Pada ekosistem darat, kebakaran hutan akan memusnahkan flora dan fauna serta biodiversitas. Alikodra (2003) menduga bahwa api yang cukup panas dapat mematikan 100% tumbuhan hijau, 75% tumbuhan bawah, dan 80% organisme penutup tanah baik hewan maupun tumbuhan. Pada daerah bekas kebakaran yang terdapat di provinsi Kalimantan Timur menunjukkan angka kematian pada tingkat vegetasi pohon adalah 33 – 84%, sedangkan pada tingkat vegetasi tiang sebesar 61%.

Pada ekosistem air (rawa dan gambut), Diperkirakan terdapat 17-27 juta hektar rawa air tawar dan rawa gambut di Indonsesia.
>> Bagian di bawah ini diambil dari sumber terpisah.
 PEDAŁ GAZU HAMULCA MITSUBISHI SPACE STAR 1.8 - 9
Rawa tersebut tersebar di Sumatra 40%, Kalimantan 38%, Papua Barat 21%. Pada kebakaran tahun 1997/98, jumlah lahan basah (rawa dan gambut) yang terbakar mencapai 1.5 juta hektar, menyumbang 60% asap dan 76% CO2 emisi.

Pada ekosistem udara, kebakaran hutan akan berdampak buruk pada lingkungan atmosfer. Biomassa senyawa organik yang terkandung dan tersimpan dalam hutan (sebelum hutan terbakar), pada saat hutan terbakar, senyawa organik tersebut akan terlepas ke luar menjadi gas rumah kaca dan polutan yang mengapung dan melayang di udara. Emisi gas rumah kaca berasal dari gas CO2 dan H2O, NOx, dan CH4 yang masing-masing memiliki life time berbeda. Gas-gas tersebut akan mengapung-apung di atmosfer sebagai gas rumah kaca yang berdampak pada pemanasan bumi, perubahan iklim, pencairan salju, dan kenaikan tinggi muka air laut.
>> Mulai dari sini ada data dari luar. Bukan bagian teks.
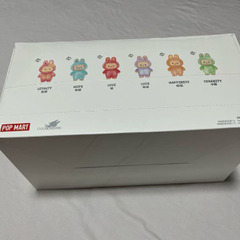ラブブ　ポップマートの画像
  1. Dampak Kerugian Ekonomis

Secara langsung maupun tidak, kebakaran hutan dan lahan yang puncaknya pada tahun 1997 mempengaruhi sektor ekonomi nasional. Dampak langsung berupa kerugian ekonomi seperti hilangnya hasil hutan (kayu dan non kayu), kerugian yang ditanggung oleh sektor perkebunan, hilangnya keanekaragaman hayati dan lain-lain. Sedangkan dampak tidak langsung adalah dampak yang diakibatkan oleh asap, seperti dampak pada kesehatan, kehilangan hari kerja, kehilangan fungsi ekologi, kerugian yang ditanggung oleh sektor pariwisata dan perhubungan. Dampak ekonomi yang bisa dihitung adalah kerugian langsung yang diderita oleh sektor perkebunan, kehutanan, kesehatan, transportasi, pariwisata dan biaya langsung yang di keluarkan untuk penanggulangan dan pemadaman. Karena kerugian ekologi tidak seluruhnya bisa di hitung menjadi nilai rupiah maka kerugian ekologi yang dimungkinkan untuk dihitung saja yang masuk.

c. Dampak Sosial

Tidak banyak proyek analisis kebakaran hutan yang di lakukan di Indonesia menyinggung maupun mengungkapkan dampak kebakaran pada masyarkat lokal dan mata pencaharian mereka. Berbagai studi lebih difokuskan pada kerugian tingkat makro seperti kerugian sektor transportasi, pariwisata dan industri kehutanan. Semua sektor itu dinilai lebih banyak pengaruhnya pada politik dan ekonomi di bandingkan petani miskin. Tujuan tinjauan dampak sosial ialah menganalisis dampak kebakaran hutan dan lahan pada kesejahteraan di pedesaan. Mata pencaharian masyarakat lokal dan ketentraman diangap sebagai kesatuan dan konsep mengenai kesejahteraan. Kemampuan masyarakat memberi makan diri sendiri, melakukan pertanian subsistem atau pembelian pangan dari uang hasil perkebunan tanaman keras adalah kunci bagi masyarakat untuk bertahan hidup.


III. KONSEP SISTEM NILAI


Nilai adalah merupakan persepsi manusia, tentang makna sesuatu objek (sumberdaya hutan) tertentu, tempat dan waktu tertentu pula. Persepsi ini sendiri merupakan ungkapan, pandangan, perspektif seseorang (individu) tentang atau terhadap sesuatu benda, dengan proses pemahaman melalui panca indera yang diteruskan ke otak untuk proses pemikiran, dan disini berpadu dengan harapan ataupun norma-norma kehidupan yang melekat pada individu atau masyarakat tersebut (Turner et al, 1994)). Oleh karena itu nilai sumber daya hutan yang dinyatakan oleh suatu masyarakat di tempat tertentu akan beragam, tergantung kepada persepsi setiap anggota masyarakat tersebut, demikian juga keragaman nilai akan terjadi antar masyarakat yang berbeda (Suparmoko dan Ratnaningsih, 2000). Keragaman nilai ini mencakup besar nilai maupun macam nilai yang ada. Nilai yang dimiliki oleh sumberdaya hutan tidak saja nilai ekonomi, tetapi juga nilai ekologis dan nilai sosial.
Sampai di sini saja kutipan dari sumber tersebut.